Die Lernenden der RUAG Schweiz AG sollen nicht nur besonders gut, sondern auch immer sicher arbeiten können. Das funktioniert: es gibt nur wenige Unfälle, dafür umso mehr Edelmetall an den SwissSkills und WorldSkills.
Er ist einer von rund 350 Lernenden der RUAG Schweiz AG, die sich an 15 Standorten und in 15 verschiedenen Berufen ausbilden. Kurz vor Weihnachten klemmte er sich einen Finger ein. Marcel Hammer, im zweiten Bildungsjahr zum Anlage- und Apparatebauer EFZ, fiel mehrere Tage aus. «Ich war schlicht unaufmerksam», erinnert er sich.
Die Kultur im Unternehmen
Das sei ein typisches Szenario, sagt Adrian Heer, Leiter Berufliche Bildung des Unternehmens. «In den ersten beiden Bildungsjahren geschehen sehr wenige Unfälle, die Lernenden werden laufend betreut.» Doch dann kehre langsam eine gewisse Routine ein, die Unaufmerksamkeit mit sich ziehen könne. Auch komme es dann häufiger vor, dass die Lernenden von anderen Mitarbeitenden zu Tätigkeiten hinzugezogen werden, für die sie noch nicht ausgebildet wurden. «Der Stopp-Ausweis, den alle Lernenden erhalten, ist deshalb ganz wichtig», sagt Heer. «Sie dürfen und sollen ihn zücken können, wenn sie eine Arbeit nicht sicher erledigen können.»
Viele Unfälle geschehen zwar nicht, auch keine schweren. «Ich musste noch nie einen Lernenden im Spital besuchen», sagt Heer und klopft auf den Holztisch. Passiert dann doch einmal etwas, versucht er diese Fälle sofort aufzurollen und zu besprechen. «Wir haben eine ausgeprägte Sicherheitskultur und pflegen ein gutes Verhältnis untereinander. Wir können über alles sprechen.»
Sichere Lehrzeit
Der Stopp-Ausweis ist ein Element der Kampagne Sichere Lehrzeit der Suva. Sie bietet verschiedene Hilfsmittel, die Betriebe einsetzen können: Leitfäden, Arbeitshefte, Plakate und vieles mehr. «Diese Unterlagen vereinfachen uns das Leben», sagt Heer. «Wir kümmerten uns natürlich schon vorher um die Arbeitssicherheit unserer Lernenden, doch nun können wir das systematisch machen. Der Aufwand wird dadurch nicht grösser, ganz im Gegenteil.»

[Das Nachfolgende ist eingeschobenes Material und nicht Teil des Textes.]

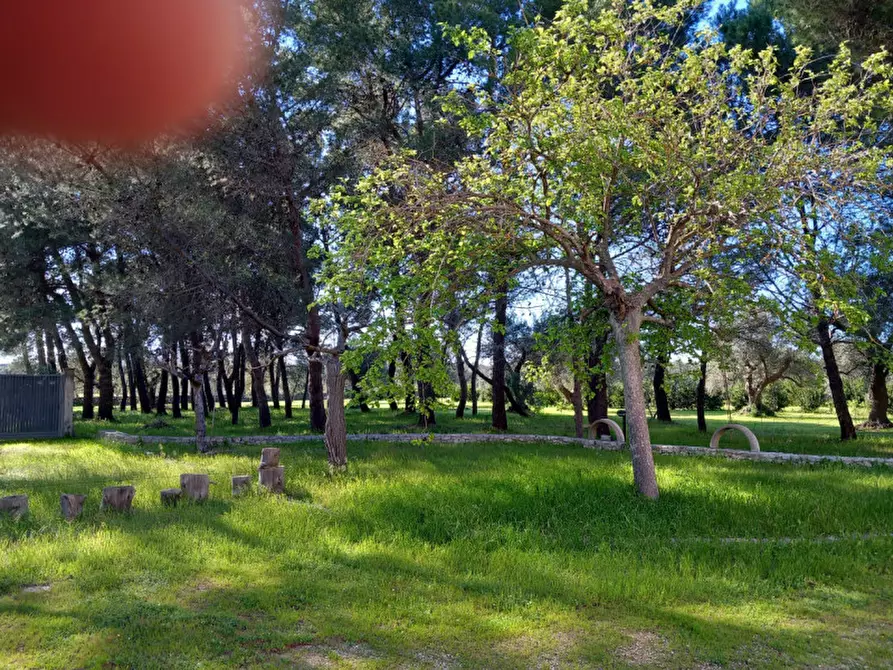 Immagine 5 di Rustico / casale in vendita  in C.da Mogavero a Francavilla Fontana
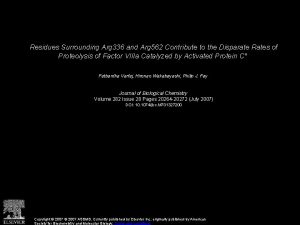Residues Surrounding Arg 336 and Arg 562 Contribute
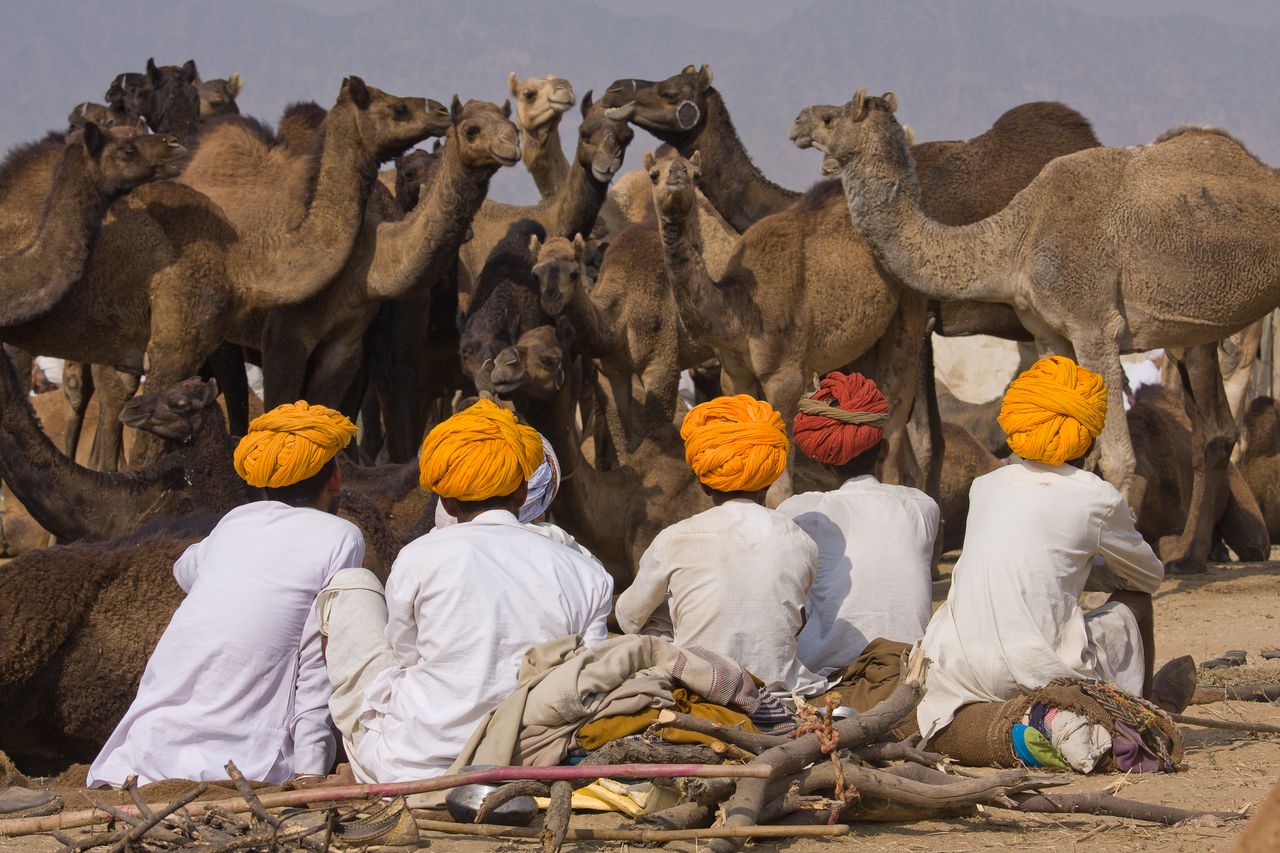 Kamelmesse in Pushkar, die größte der Welt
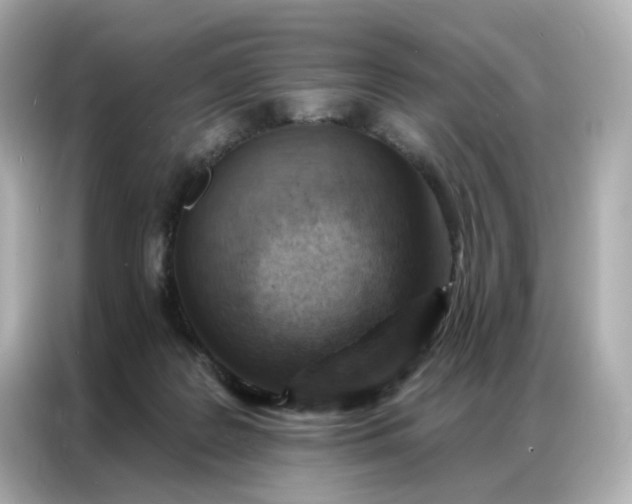 X0000086930219200704301123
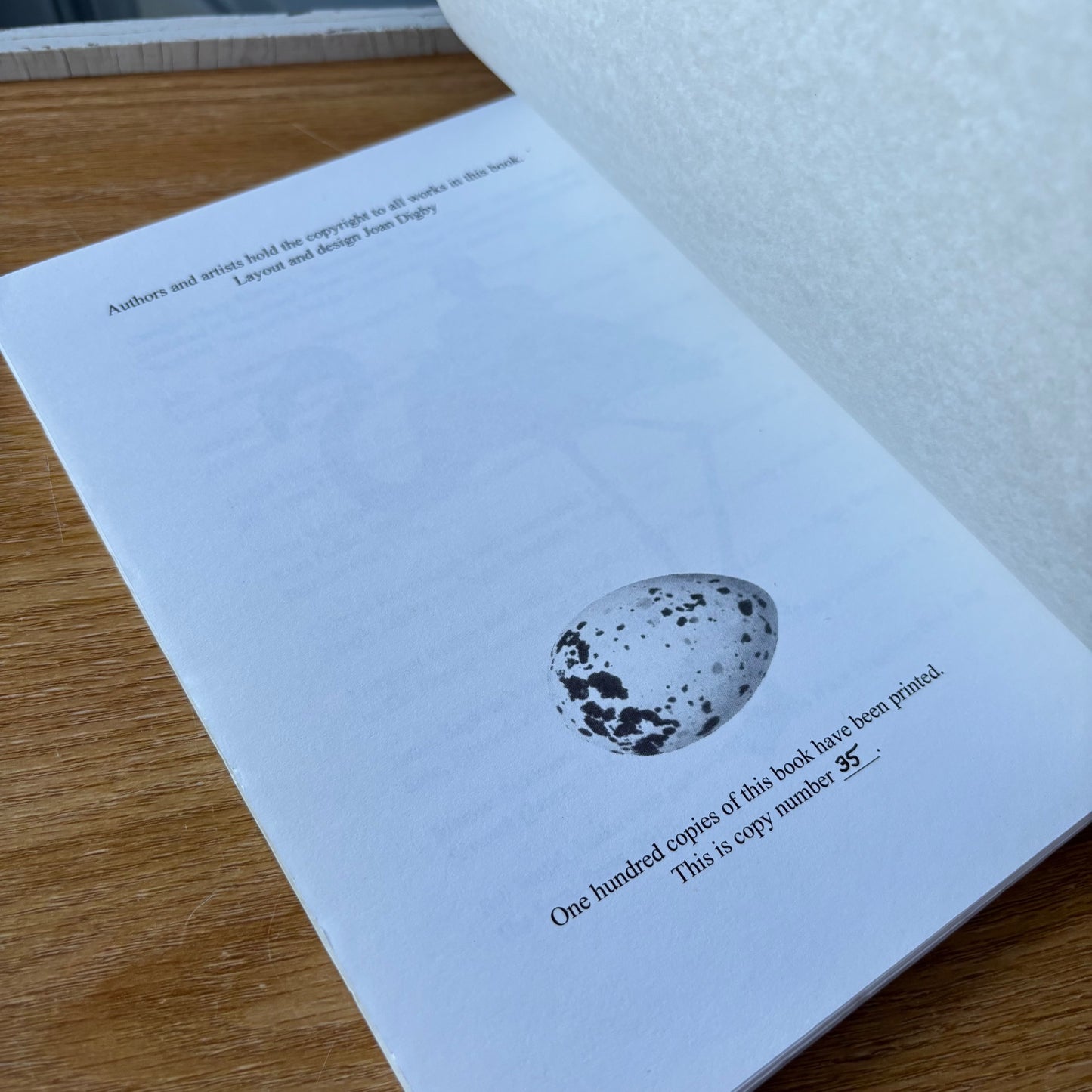 Joan Digby, ed. - Birds: A Flight of Poems - Limited Edition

Aus diesen systematischen Überlegungen entstanden auch die sogenannten Social Days, die jeweils in den ersten beiden Monaten der Ausbildung stattfinden. Während zwei erlebnisreichen Tagen erfahren die Lernenden dort mehr zu Verhaltensregeln und den Umgang miteinander, erhalten ein Knigge-Training und besprechen Fragen zu unterschiedlichsten Themen wie Compliance, Facebook – und natürlich auch zur Arbeitssicherheit. «Wir möchten ihnen zeigen, dass es neben den Werkzeugen und Maschinen noch viel mehr braucht, um einen guten Job zu machen», sagt Heer. Einem Betrieb, der die Kampagne Sichere Lehrzeit ebenfalls umsetzen möchte, empfiehlt er vor allem eines: «Baut man diese Themen in ein Gruppenerlebnis ein, bleiben sie besser haften. Die Verknüpfung zwischen Inhalt und Erlebnis bringt viel mehr als eine Schulung in einem Gruppenraum.»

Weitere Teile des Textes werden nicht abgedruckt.